Is Christmas Pagan in Origin?
I think most of us have, at some point, encountered some of the claims I mentioned above. One of the most often-used arguments runs as follows: the ancient Romans had a holiday known as Saturnalia, which was a winter solstice celebration lasting from December 17 to roughly December 25. The claim is that this pagan holiday was in honor of Sol Invictus, the Victorious Sun.
Depending on the version you are told, either Constantine enforced its celebration, or the church adopted it in an effort to bring others into Christianity.
What is true is that the church saw fit to consecrate certain days to the Lord, recognizing that the pagan holidays were evil and should be counteracted. So, they would redeem the dates in question by designating Christian observances to fall on those dates. This is not the same at all as adopting pagan customs and holidays. The difference may be subtle, but it is very significant in its difference.
We know that Jesus Christ was not born on December 25. Nor did any of the Church Fathers, who all speculated that His birthday would have been during the Spring, not winter. The earliest reference to December 25as the observance of the birth of the Lord is in a document known as the Philocalian Calendar, dated to the fourth century A.D.
Keep in mind, it is mentioned only as the date of the observance of His birth, not as the actual date of His birth. We also know from the writings of the Church Fathers that the Donatists also observed His birth on that date.
Now, what is important to keep in mind is that the early Christians were very aware of the spiritual dangers of paganism and went out of their way not to compromise their faith with pagan idolatry.
The date was not of importance in the observance of the Lord’s birth.
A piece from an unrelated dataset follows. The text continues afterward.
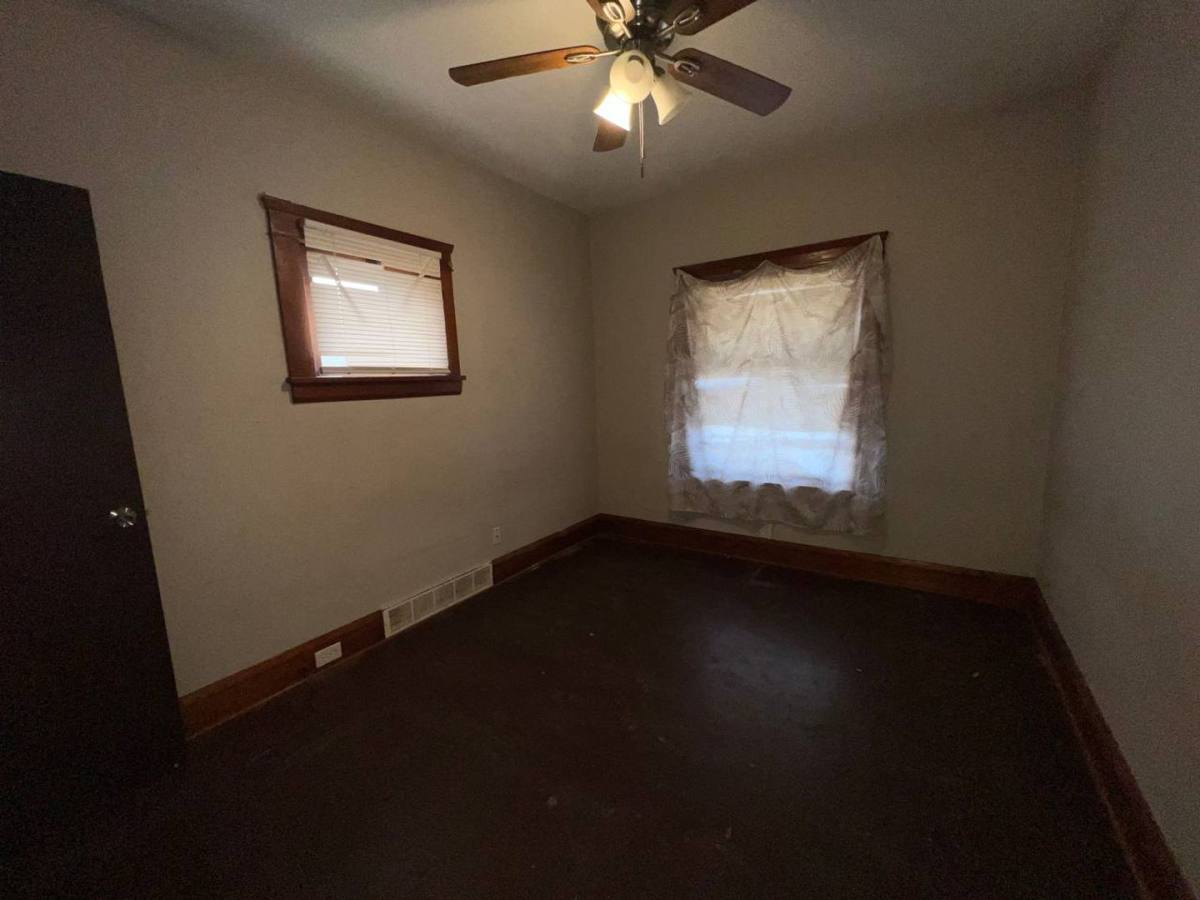 House for rent at 4091 E 56th St, Cleveland, OH 44105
In fact, since the time of the Apostolic Fathers, the churches of the East celebrated His birth on January 6or 7, and continue to do so today. Why the difference in dates? Precisely because the date is not important, but the observance is.
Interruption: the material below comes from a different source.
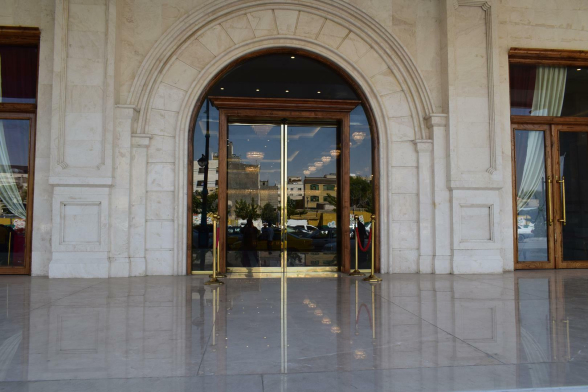 هتل شکوه شارستان مشهد نمای بیرونی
What Are the Dates of Christmas?
Kevin DeYoung, professor of Systematic Theology at Reformed Theological Seminary, states that the reason December 25 is celebrated in the West is due to a few calendrical issues related to the death and the conception of Christ. He writes:
“From the date of Christ’s death, to the (same) date of his conception, we can easily see where the date of Christmas could have come from. If Jesus was conceived on March 25, then the best date to celebrate his birth must be nine months later on December 25 (or, in the East, January 6). While we can’t know for certain that this is where December 25 came from — and we certainly can’t be dogmatic about the historicity of the date — there is much better ancient evidence to suggest that our date for Christmas is tied to Christ’s death and conception than tied to the pagan celebrations of Saturnalia and Sol Invictus.”
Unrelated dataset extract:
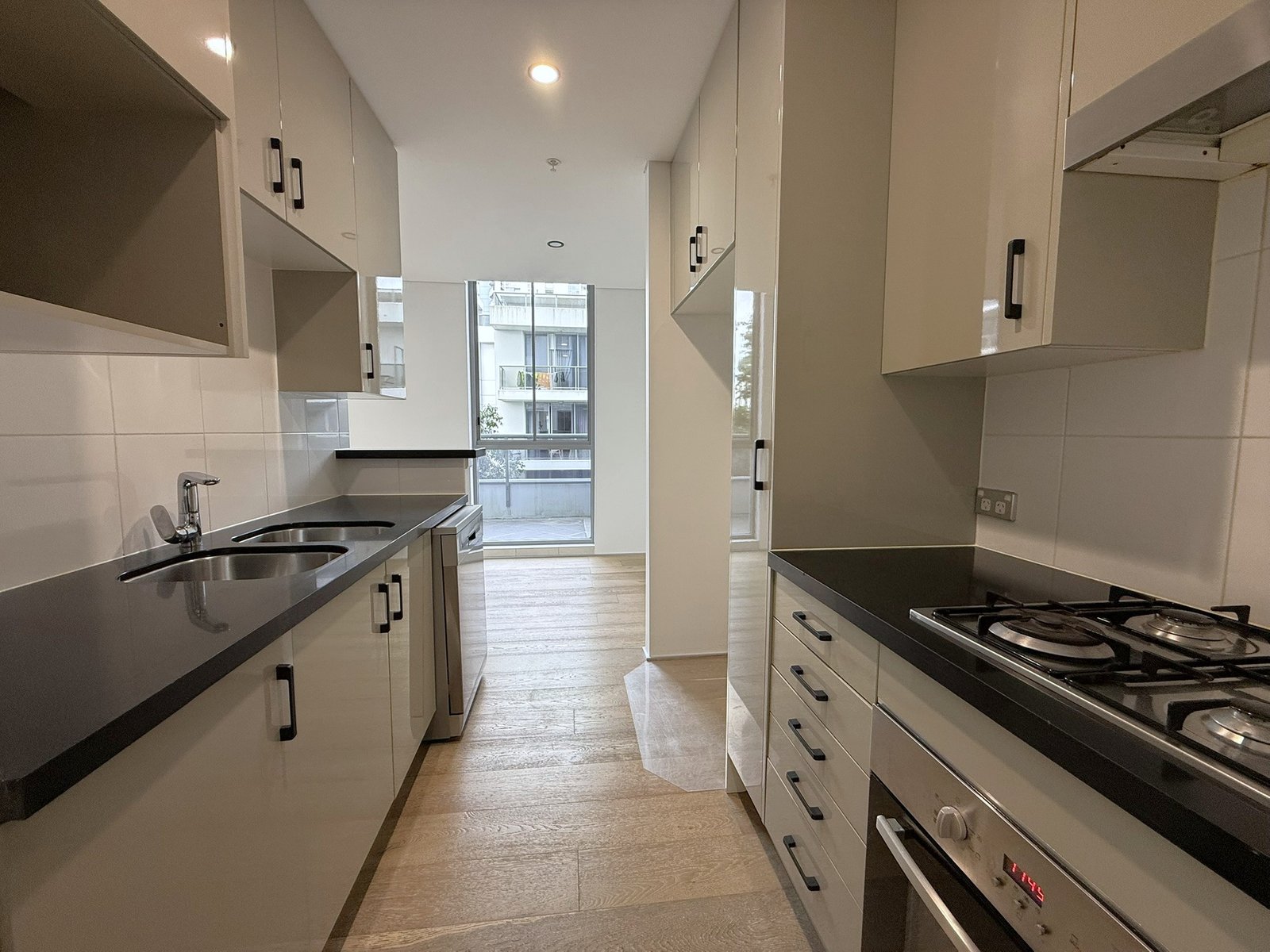 412/3 Como Crescent SOUTHPORT 4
While the intentions of many of the “Christmas is pagan” crowd may be good, their research is flawed. The claims of the date of Christmas being a pagan celebration have little to do with historical fact.
We find similar flawed claims about Christmas trees. Some think that they are rooted in paganism and associated with Nimrod worship. The truth is, again, much different. Scripture makes frequent reference to the evergreen tree as a symbol of the Lord’s blessing upon Israel (Isaiah 41:19; 55:13; Numbers 24:6; Psalm 104:16; 148:9).
To use them today as symbols of the Lord’s ultimate blessing and provision for His people is certainly fitting! On a purely historical note, the first recorded mention of a Christmas tree is from A.D. 1510. In Riga, Latvia. It is recorded that men from the local merchants’ guild gathered together to decorate a tree with roses (a symbol for the Virgin Mary).
After this, we have a record in Alsace, France that trees were sold and taken home to be decorated. And by the 1600s, trees were decorated in the churches of Germany in connection with the birth of the Lord.
Both will affirm that, while the Christmas tree as we know it today is not mentioned in the Bible, it is also not of pagan origin.
Celebrating Christmas as Christians
So, set up your tree as a symbol of your appreciation for the blessings and presence of the Lord in your life and that of your family for one of the most beautiful Christian holidays you and your family will ever experience together.